Halbuki ülkenin güneyi tamamen çöldür ve bu bölgedeki nüfus yarım milyonu bile bulmaz. Asıl nüfus yoğunluğu o yüzde 10 dedikleri Trablus’un da içinde bulunduğu ülkenin kuzey batısıdır.
6 milyonluk nüfusun üçte ikisi UMH’nın kontrolündeki bölgededir. Yani Hafter halkın ancak üçte birinin bulunduğu bölgelere dış güçlerin desteğiyle hükmetmektedir.
Elinde kendisine bağlı savaşçı gücü de yoktur.
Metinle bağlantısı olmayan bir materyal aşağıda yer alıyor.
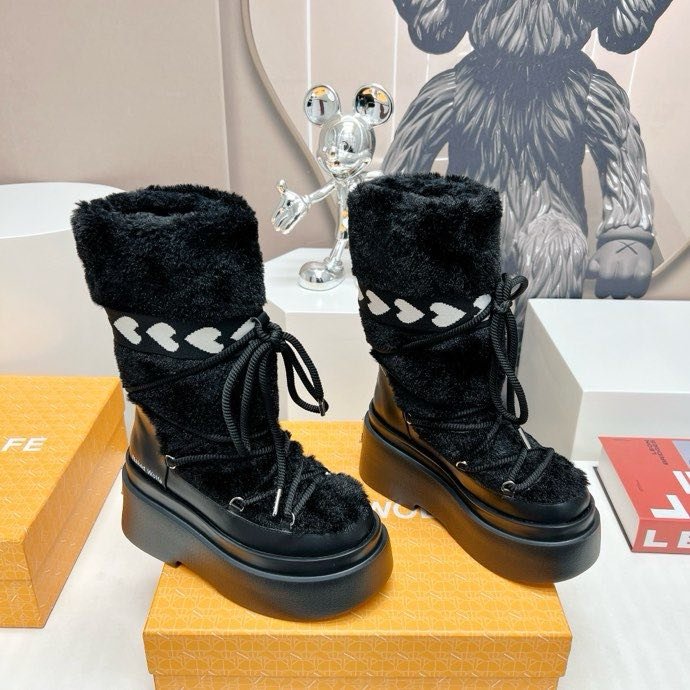 Boots on platform with lacing фото 7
Sudan’dan, Çad’dan, Rusya’dan maaşlarını körfez ülkelerinin karşıladığı paralı askerler vardır.
***
Mevcut haliyle bile Trablus’a giremeyen ancak havadan saldırılar düzenleyerek katliam yapan Hafter’in konumu Türkiye’nin son tezkere kararıyla iyice tehlikeye girmiştir. Onun için Suudi Arabistan bile TBMM tezkeresini kınayan bir açıklama yapmıştır!
Türkiye’nin bu meşru adımı ile Libya’da da dengeler değişmiştir!
Tıpkı Barış Pınarı ile Suriye’de değiştiği gibi, tıpkı yapılan anlaşma ile Akdeniz’de değiştiği gibi.
***
Ordumuz da Libya’da muhalefetin lejyoner diye aşağıladığı gibi Fizan çöllerinde savaşacak değildir.
UMH’nın 30 bin civarında gözünü kırpmadan ölüme giden silahlı gücü vardır ve Hafter’e karşı direnmektedirler. Savaşıyorlar, savaşacak yabancı askere de Türk askerine de ihtiyaçları yok.
Türk askeri cumhurbaşkanının bir TV programında açıkça söylediği gibi sadece koordinasyon görevi yürütecektir.
Ben daha önce de yazdım Türk askeri orada meşru hükümeti koruyacak ve hükümete bağlı silahlı güçlerini koordine edecektir.
Türk ordusunun orada bulunması sadece bayrak açması bile caydırıcılık açısından yeterli olacak ve barışın teminine zemin hazırlayacaktır.
Ne demiş şair;
"Bu mesel ile bulur cümle düvel fevz-ü felâh;
Hazır ol cenge eğer ister isen sulh-ü salâh."